*AIM OF THE EXERCISE*: Without the images, reproduce each line of the material exactly.

*DATASET SECTION*:
◆ ◆ ◆

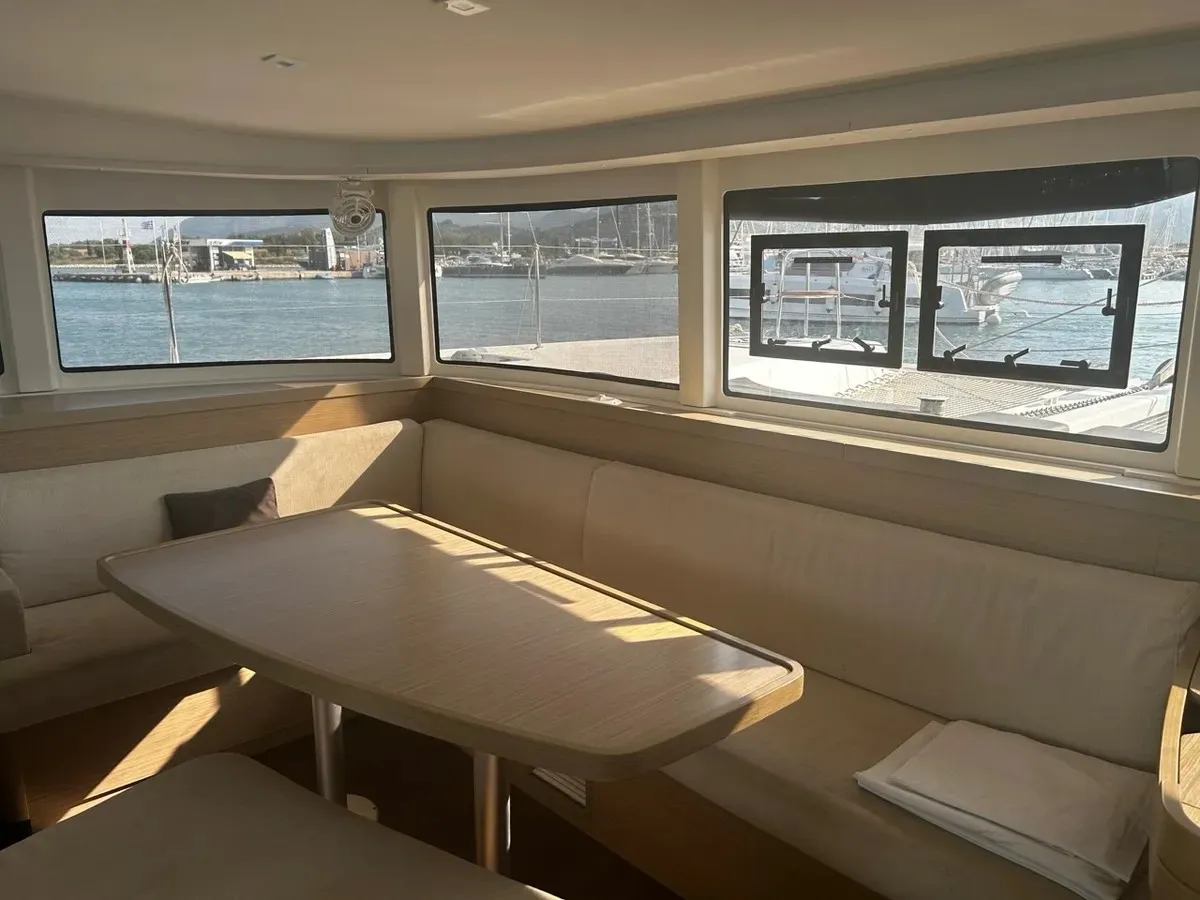 Lagoon 42 Marebella (Pax 12) — фотография яхты 26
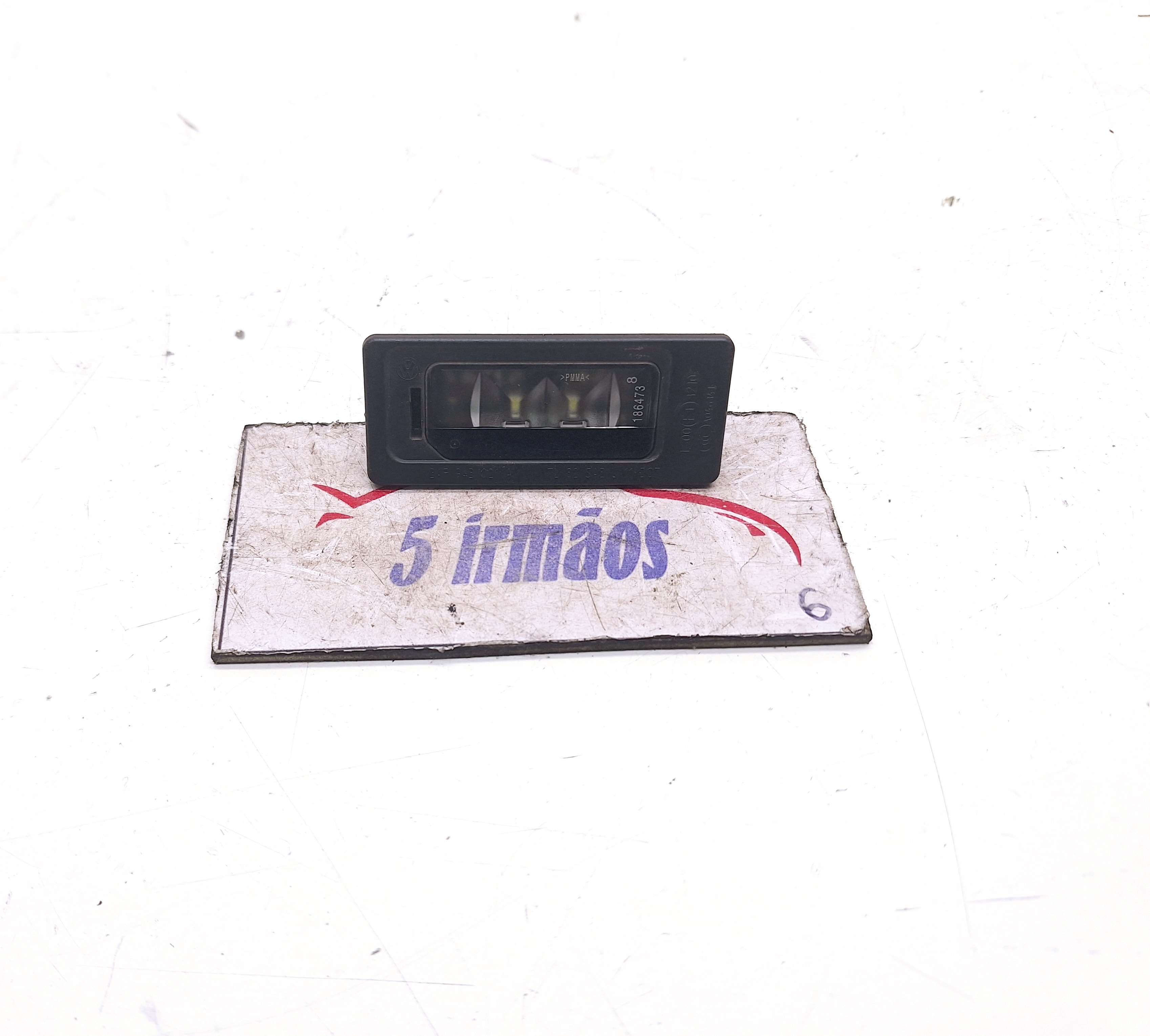 Luz Placa Traseira Vw Jetta Tsi 1.4 2015/ 2016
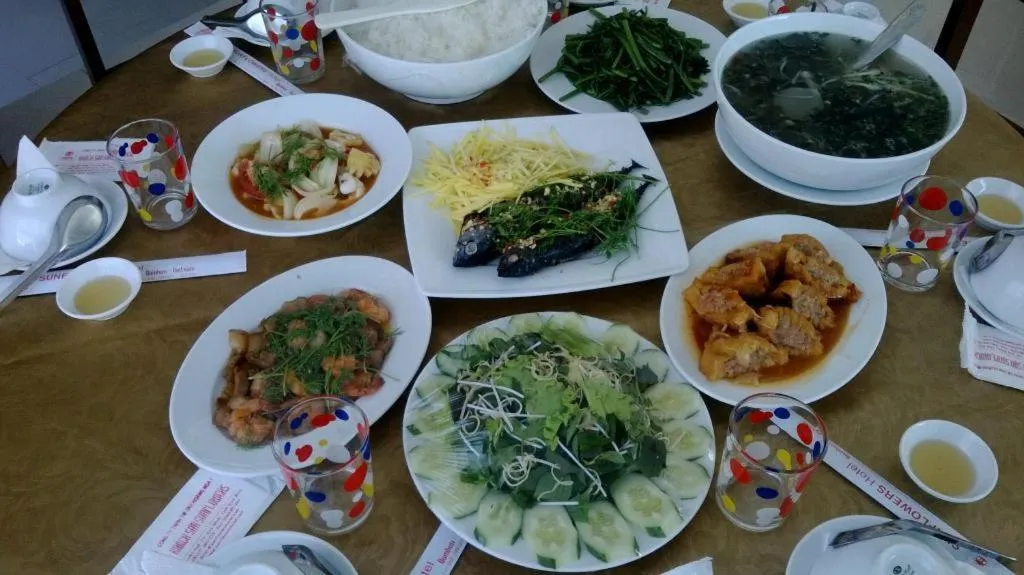 Food and drinks in Hoang Yen Canary Hotel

◆ ◆ ◆

*RESULT*:
 Lagoon 42 Marebella (Pax 12) — фотография яхты 26
 Luz Placa Traseira Vw Jetta Tsi 1.4 2015/ 2016
 Food and drinks in Hoang Yen Canary Hotel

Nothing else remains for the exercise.